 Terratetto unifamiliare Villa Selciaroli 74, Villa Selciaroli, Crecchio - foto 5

------------------------

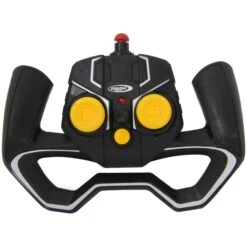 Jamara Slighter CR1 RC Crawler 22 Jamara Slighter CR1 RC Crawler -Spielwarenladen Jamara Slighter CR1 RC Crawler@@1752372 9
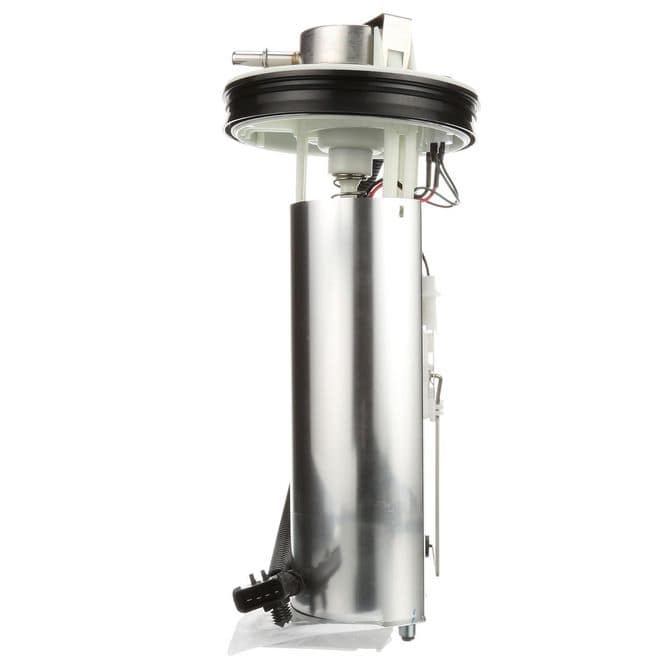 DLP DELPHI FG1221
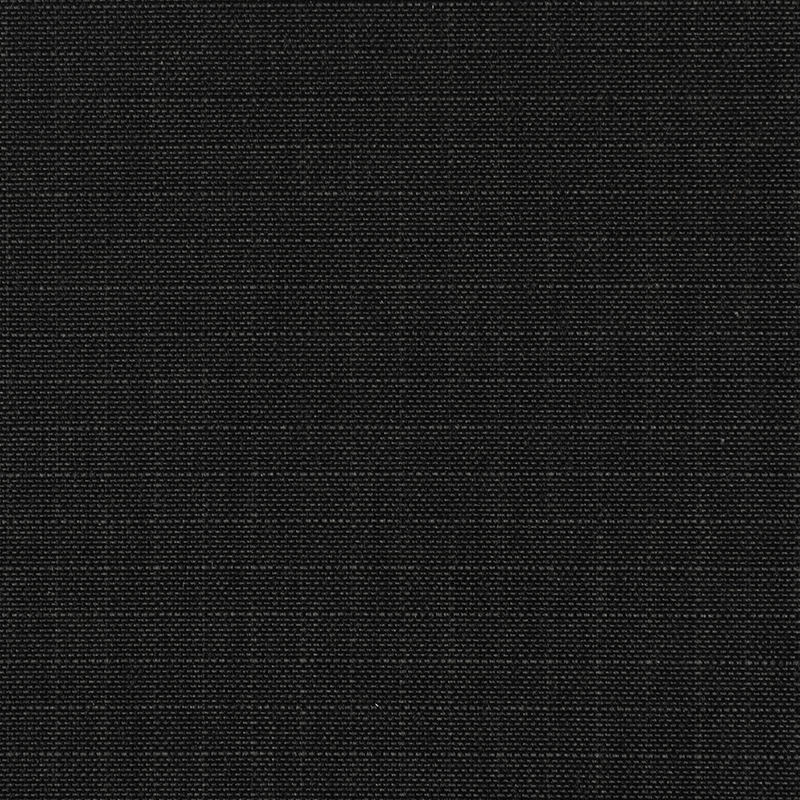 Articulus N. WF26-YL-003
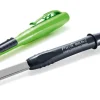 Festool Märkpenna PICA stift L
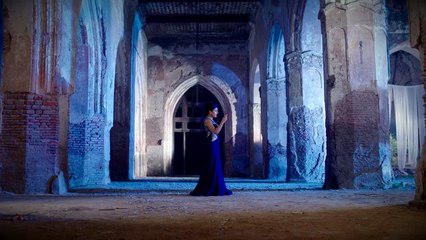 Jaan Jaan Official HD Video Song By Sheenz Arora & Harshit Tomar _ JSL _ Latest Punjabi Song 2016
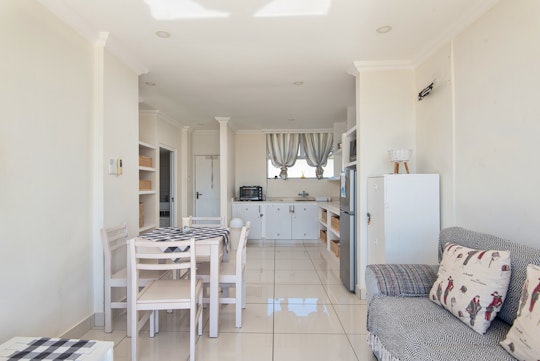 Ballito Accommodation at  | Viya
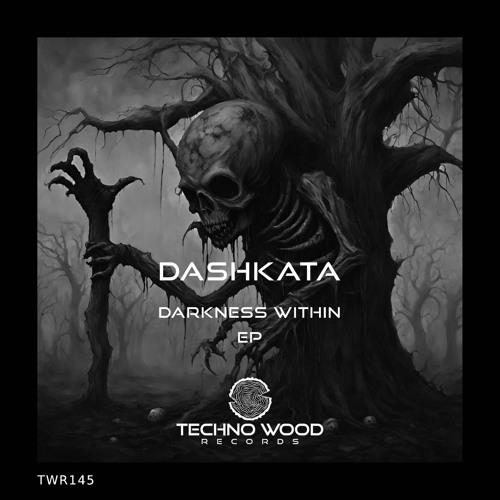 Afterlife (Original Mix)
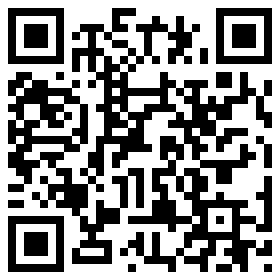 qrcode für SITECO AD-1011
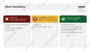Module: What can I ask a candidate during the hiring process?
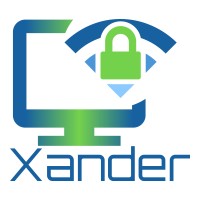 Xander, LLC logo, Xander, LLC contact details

------------------------

TASK ITEM: In the entries above, find the line that contains "Ballito Accommodation at" and the line that contains "Xander, LLC logo, Xander, LLC". Reproduce exactly those two lines and every line between them, but not the pictures.

SOLUTION TO THE EXERCISE:
 Ballito Accommodation at  | Viya
 Afterlife (Original Mix)
 qrcode für SITECO AD-1011
Module: What can I ask a candidate during the hiring process?
 Xander, LLC logo, Xander, LLC contact details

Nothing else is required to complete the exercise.